The importance of low blood glucose in the development of fetal sheep pancreatic endocrine cells transplanted into athymic mice

Transplantation
B E TuchP Swierkowski

Abstract

The major problem in using fetal sheep pancreas as a transplantable source of insulin-producing cells to reverse diabetes is that beta cells do not differentiate well. Glucotoxicity is a potential explanation for this because the blood glucose level of recipient mice is higher than that of fetal sheep (7 vs. 1.5 mM).
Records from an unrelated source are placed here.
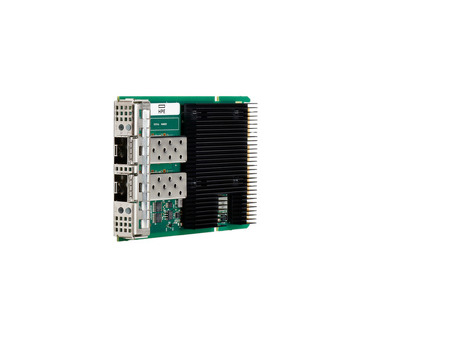 P10106-B21 Адаптер HP E810-XXVDA2 Ethernet 10/25 Гбит OCP3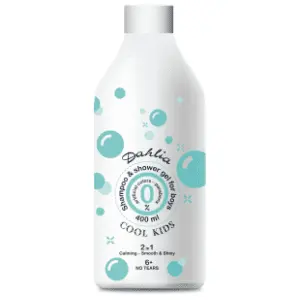 Šampon DAHLIA cool kids 2in1 400ml slide slika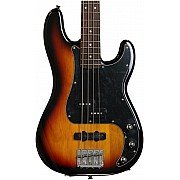 Squier Vintage Modified P Bass PJ 3TS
To test the effect of approximating these fetal conditions blood glucose levels of recipient athymic mice were lowered for 4 weeks from 7.3 +/- 1.6 mM to a nadir of 3.7 +/- 1.7 mM by administration of insulin pellets. This resulted in a 2.7-fold increase in the percentage of beta cells and a 5.9-fold increase in the number of glucagon-containing alpha cells. The increase in endocrine cells was probably due to improved formation from undifferentiated cells, but greater proliferation of the mature cells is also a possibility. The effect was transient with endocrine cell numbers diminishing once the effect of insulin administration ceased. It is concluded that while transplanted fetal sheep pancreas may not be suitable for reversal of diabetes, it is a useful model for studying how pancreatic endocrine cells develop.